▶ **INSTRUCTIONS TO FOLLOW**
Drop all pictures and repeat exactly the lines from the line holding "Mazda 3 2025" through the end of the records.

Captioned web image data

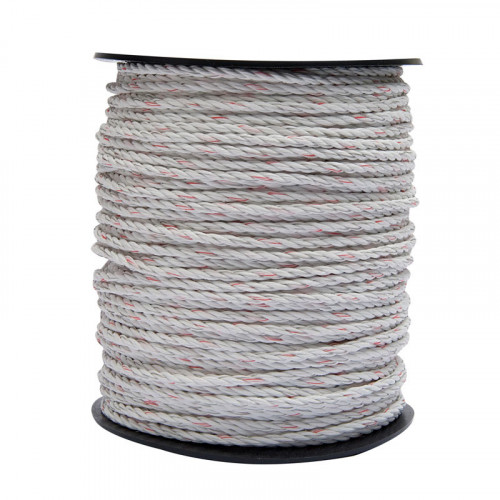 Hotline Supercharge Rope White 500M 47P51-5G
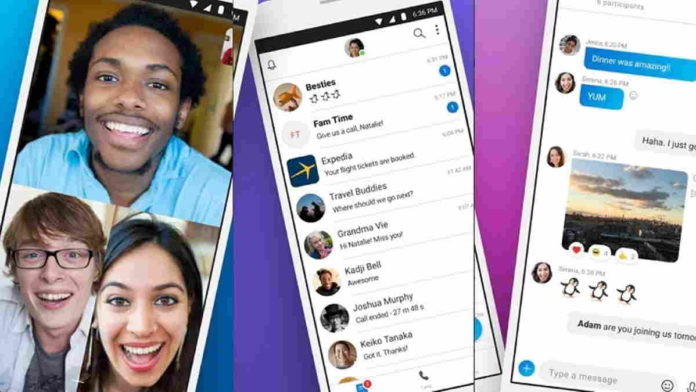 Aplikasi Video Call untuk WFH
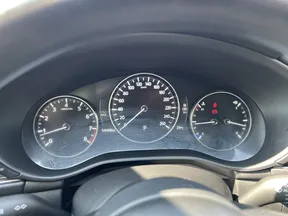 Mazda 3 2025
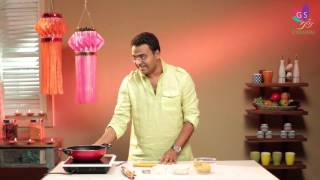 How To Make Pepper Chakli and Puri This Diwali Chef Varun Inamdar [upl. by Silera]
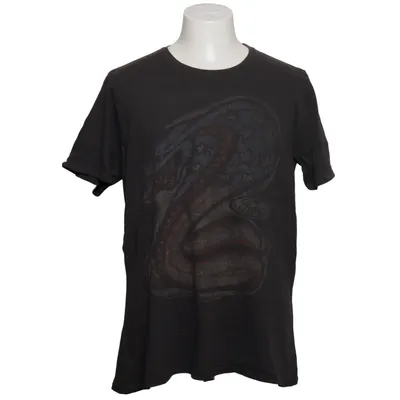 T-shirt (Gris) de Junk Food Coton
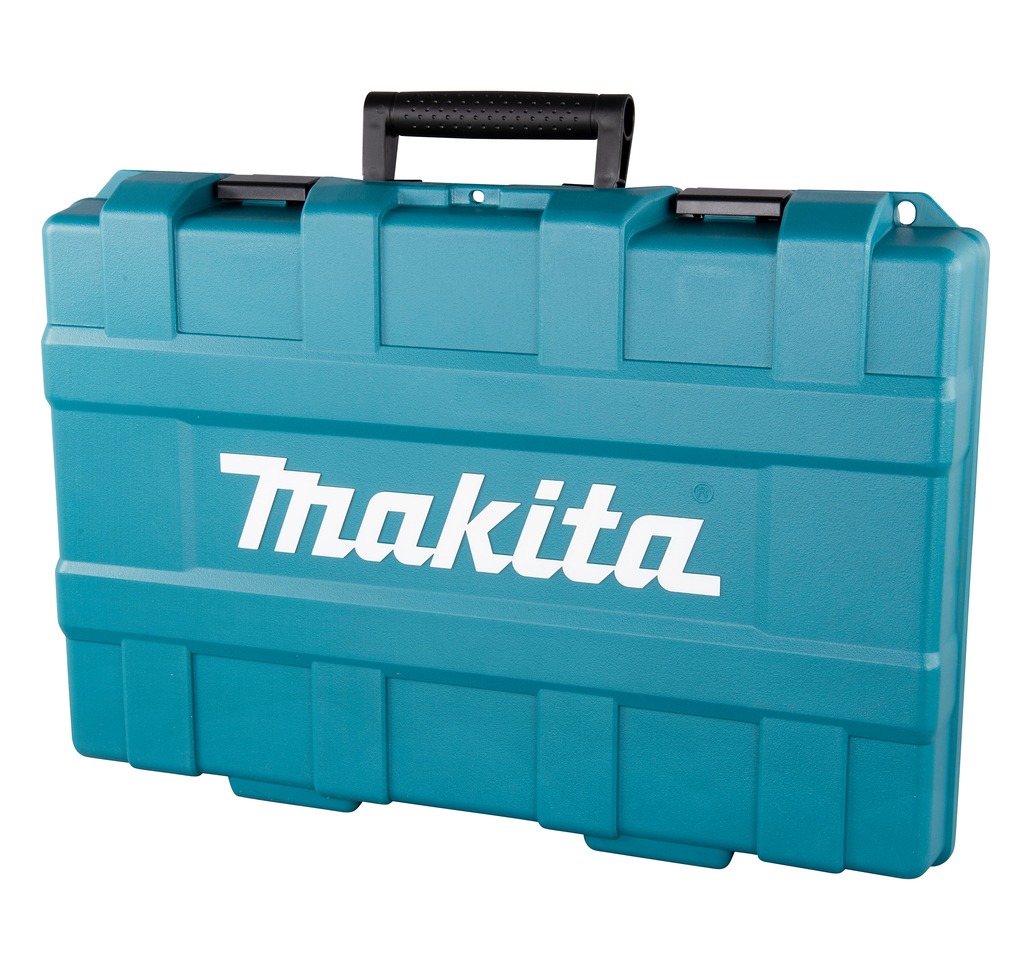 Makita Zubeh&ouml;r 821946-5 Kunststoffkoffer f&uuml;r DGP180-Fettpresse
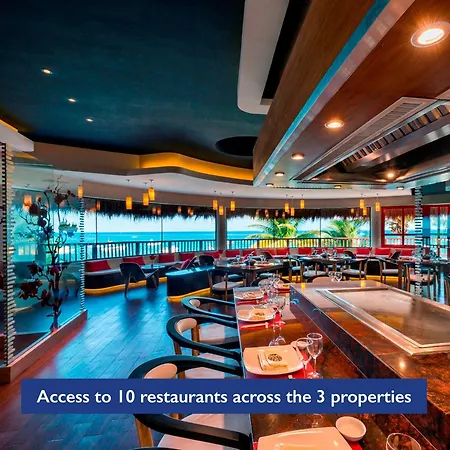 The Reef 28 Hotel & Spa (Adults Only)-2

▶ **EXERCISE SOLUTION**
 Mazda 3 2025
 How To Make Pepper Chakli and Puri This Diwali Chef Varun Inamdar [upl. by Silera]
 T-shirt (Gris) de Junk Food Coton
 Makita Zubeh&ouml;r 821946-5 Kunststoffkoffer f&uuml;r DGP180-Fettpresse
 The Reef 28 Hotel & Spa (Adults Only)-2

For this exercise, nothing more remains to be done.